Qui pouvait se douter que Jules Janin savait par cœur son Adolphe Dumas, et qu'il me ferait sangloter en me le racontant à moi-même, à moi qui venais, il y a si peu de jours, de passer trois heures avec ce Descartes exalté, avec ce mystique résigné, avec ce Tasse méconnu, avec ce sublime estropié de notre terre, avec ce Job sur son grabat de notre France, et que ce n'était pas sur lui, mais sur moi, qu'il rugissait contre le sort, et qu'il m'adressait des vers d'airain contre l'impitoyable légèreté de ceux qui rient de ce qui ferait pleurer les anges?
Voici comment.
J'ai toujours aimé ceux qui aiment, ceux qui souffrent, ceux qui gémissent et qui s'indignent en silence, ceux qui se sauvent d'un monde moqueur; ceux qui s'enveloppent, quand ils sortent, de leur manteau troué par la misère, de peur d'être reconnus dans la rue par ces persifleurs spirituels ou bêtes qui vendent des ricanements aux passants pour insulter toute grandeur: ces pauvres honteux de la gloire, qui sentent en eux leur noblesse innée, qui se cachent de peur qu'on ne se moque, non d'eux-mêmes, mais du don divin qu'ils portent en eux.

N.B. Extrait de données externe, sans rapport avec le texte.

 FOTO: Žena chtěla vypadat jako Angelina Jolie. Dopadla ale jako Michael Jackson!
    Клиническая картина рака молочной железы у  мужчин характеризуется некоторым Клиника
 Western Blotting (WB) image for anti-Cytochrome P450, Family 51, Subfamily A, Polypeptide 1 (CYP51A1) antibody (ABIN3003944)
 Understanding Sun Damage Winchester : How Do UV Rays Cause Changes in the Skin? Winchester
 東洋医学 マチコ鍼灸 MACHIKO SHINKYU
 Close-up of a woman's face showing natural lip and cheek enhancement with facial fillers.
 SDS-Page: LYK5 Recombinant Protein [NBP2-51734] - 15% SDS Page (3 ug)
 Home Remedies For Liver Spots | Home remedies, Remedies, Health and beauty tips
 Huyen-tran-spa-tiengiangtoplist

Que voulez-vous? c'est une faiblesse. Je méprise le rire méchant, cet antidote de ce qui est sérieux et sacré chez les hommes, le génie et le malheur.

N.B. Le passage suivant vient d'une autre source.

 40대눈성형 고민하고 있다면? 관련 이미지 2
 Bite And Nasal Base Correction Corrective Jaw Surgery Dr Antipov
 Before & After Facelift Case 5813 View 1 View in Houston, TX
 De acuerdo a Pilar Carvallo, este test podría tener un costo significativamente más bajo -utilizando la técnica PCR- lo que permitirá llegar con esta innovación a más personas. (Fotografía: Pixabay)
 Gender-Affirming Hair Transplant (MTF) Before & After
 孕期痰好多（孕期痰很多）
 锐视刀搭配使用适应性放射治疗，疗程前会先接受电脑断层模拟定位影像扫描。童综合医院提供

Je n'ai jamais pu m'empêcher de mal espérer d'un pays qui a fait du rire une institution dans ses journaux; cela n'avait lieu à Rome que dans les triomphes, pour rappeler aux heureux qu'ils étaient hommes.

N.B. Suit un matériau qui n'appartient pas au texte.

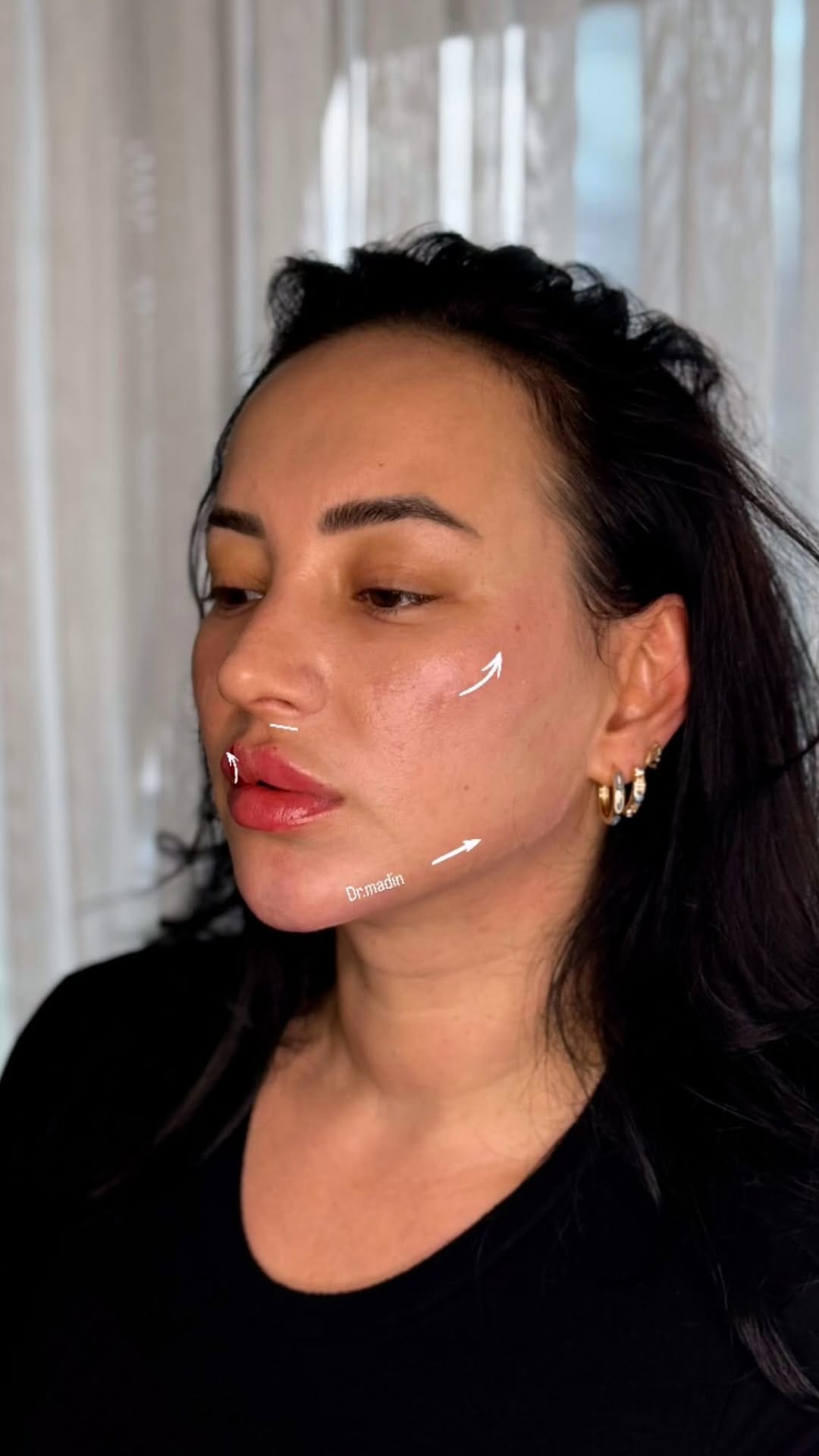 Post 1 by COSMETOLOGY VlENNA on Instagram (video)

Mais se figure-t-on le rire sur la perte du misérable dont un huissier vend le grabat par autorité de justice, ou qui vient de se suicider par peur du ridicule? Eh bien, cela s'est vu deux fois de nos jours, à Paris, pour deux grands artistes.
Le Gaulois a dépassé le Romain! Le Romain ne riait que des heureux, le Gaulois rit et fait rire, pour de l'argent, de l'infortune et du désespoir.
XIII.
Au milieu de la rue qui porte aujourd'hui le nom de rue Lamartine, nom qui s'inscrivit de lui-même le lendemain de la victoire de la République conservatrice, en juin 1848, sur les factions liberticides qui voulaient tuer à la fois l'ordre et la liberté, nom qui me fait penser toutes les fois que je passe, même dans ce quartier de petits trafics, au bon sens et au courage du vrai peuple de Paris, s'ouvre une petite rue annexe, montante, tortueuse, mal bâtie, mal pavée, et à laquelle on a laissé par oubli le vieux nom de rue Neuve-Coquenard. Cela ressemble à s'y méprendre à une rue des quartiers déserts de Rome qui montent du Vatican aux fontaines monumentales de la villa Albani; tout y est silence, solitude, petits métiers, revendeurs, encadreurs, marchands de légumes avariés ou de pommes ridées pour les petits ménages, étalées sur des devantures aux vitres cassées.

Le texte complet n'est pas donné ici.